The applications of BNNTs extend far beyond radiation shielding alone. Recent advancements have incorporated these nanomaterials into flexible composite fibers that can be woven into fabrics for next-generation spacesuits 3 4 . These BNNT-aramid composite fibers are:
Comfortable enough for extended wear during spacewalks
Protection up to 500°C in extreme environments
Effective radiation protection during spacewalks
Similarly, BNNT-enhanced polymers are being developed for use in spacecraft components that serve dual purposes—providing structural support while absorbing harmful radiation 6 7 .
| Material/Equipment | Function in Research | Key Characteristics |
|---|---|---|
| Boron Nitride Nanotubes (BNNT) | Primary radiation-absorbing nanomaterial | High boron content for neutron absorption; tubular structure for mechanical strength |
| Polydimethylsiloxane (PDMS) | Polymer matrix for BNNT composites | Flexible; stable under radiation; easy to process |
| Epoxy resins | High-temperature polymer for structural composites | Thermal stability; good adhesion to BNNTs; structural integrity |
| Polyethylene | Hydrogen-rich polymer matrix for composites | Effective at slowing down neutrons; enhanced by BNNT addition |
| Stopping and Range of Ions in Matter (SRIM) | Computer simulation software | Models ion penetration depth and damage in materials |
| High-Resolution Transmission Electron Microscope (HR-TEM) | Structural characterization | Visualizes atomic-level defects and damage in BNNTs after irradiation |
Table 3: Essential Research Reagents and Materials in BNNT Radiation Shielding Studies
As we look toward establishing a long-term presence on the Moon and eventually sending humans to Mars, developing effective radiation protection becomes increasingly critical.

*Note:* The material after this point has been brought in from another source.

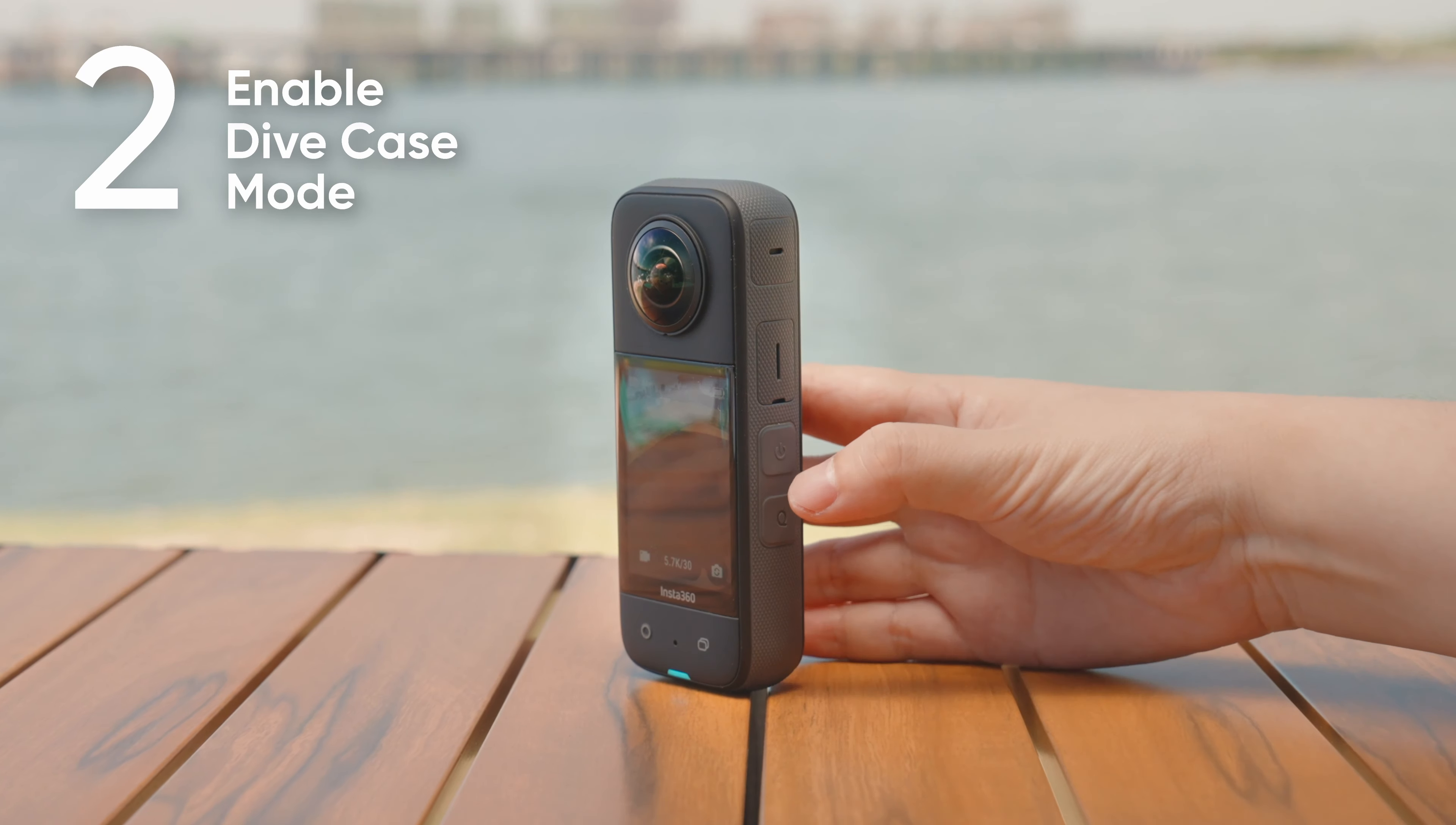On the right side of the dive case there are two buttons: the power button and the Q button. To turn on the camera, press the power button once. To start recording, press the Q button once. Press the Q button again to stop recording.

BNNT technology offers a promising solution that addresses multiple challenges simultaneously—radiation shielding, structural integrity, and thermal management.
Ongoing research continues to optimize BNNT composites for space applications. Scientists are experimenting with different polymer matrices, nanomaterial concentrations, and manufacturing techniques to enhance these materials' performance 6 7 . As production methods improve and costs decrease, we may soon see BNNT-based protection as a standard feature in spacecraft, habitats, and spacesuits.
The incredible journey of BNNTs from laboratory curiosity to space-tested material represents the power of nanotechnology to solve some of humanity's most challenging problems. These tiny tubes may well enable our big dreams of exploring the cosmos.